Sunday, February 15, 2009

Doe Season

Blood and Initiation

    There's a contrast in this story between her inner dialogue and that of the rest of the hunting party. This is where we see an initial distinction between her as a young woman, and the others speaking the same language, male. This being said, there is a distinction between male and female. We see even in the way that her father addresses her as "honeybun" (page 457). Though this is a coming-of-age story, this story is more than a rite of passage into adulthood. This is story about a rite of passage into womanhood. What is interesting is the way in which she finds her identity.

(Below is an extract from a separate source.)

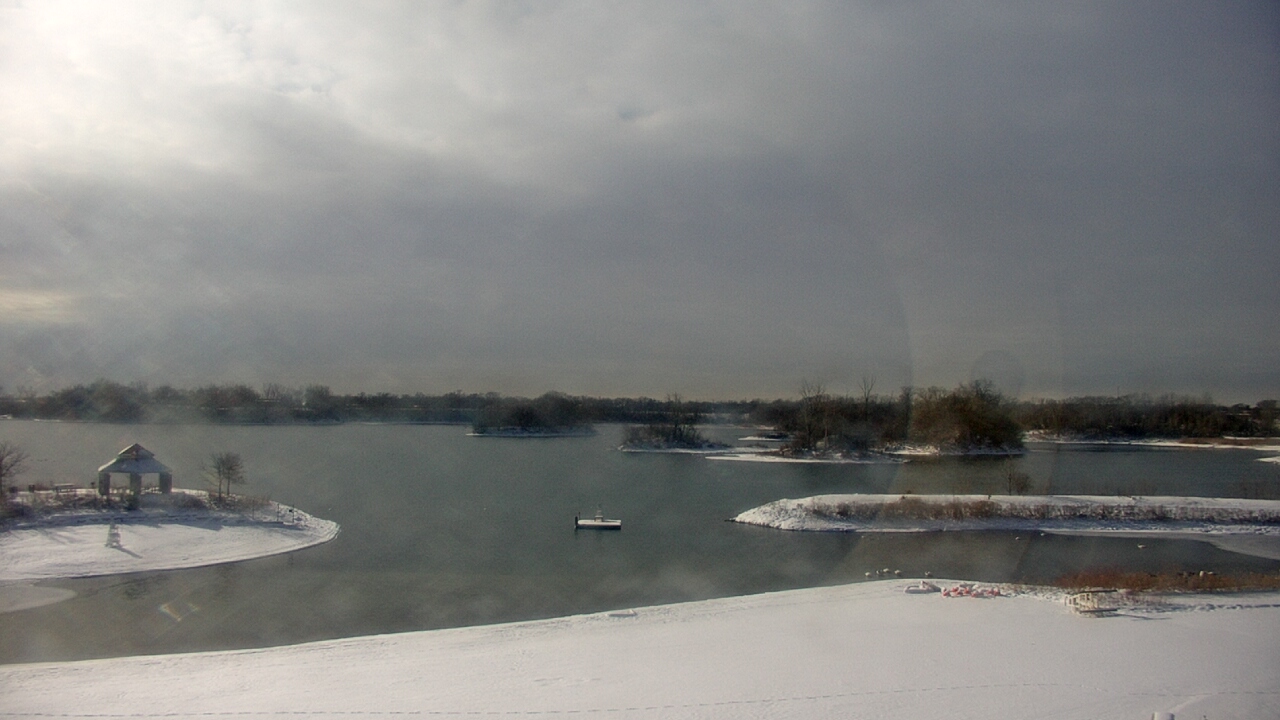 Thumbnail for current weather camera view from Three Oaks Recreation Area in Crystal Lake, Illinois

She seems a little gender confused in the beginning because she refers to herself as Andy, as opposed to Andrea. This may be her father's doing, but she is desperate for his approval. We see this when Mac is tasked with rounding up firewood and Andrea cuts in and says, "I'll do it" (page 460). We also know that she doesn't want to shoot the deer, but she does, for her father's approval. At this point, the wound is made. The wound may be symbolic of the wound in her heart that has been created in this rite of passage. The deer's wound and heart mimics her own in that she feels alive, yet wounded: "...she had found the does heart warm and beating. She cupped it gently in her hand . Alive, she marveled. Alive (page 466)." This is where the blood is mentioned, "...her hand pulled free, followed by a steaming rush of blood, more blood than she ever could have imagined."The symbolism of the blood can be interpreted both as a parallel to menstruation, a girl becoming a woman; and to the bleeding associated with intercourse, a symbol of the loss of innocence all-so-common in a coming-of-age story. Although not age appropriate in the physical sense, it is important to understand that this is a parallel to her emotional coming-of-age. When the deer dies, she was re-birthed in the sense that the very event that could have initiated Mac, initiated her, just in a separate way. A sign of this separation is her running: "Andy was running from them, back to the field and across, scattering the crows who cawed and circled angrily (page 467)." The initiation is definitive when "she will no longer be called Andy (page 467)."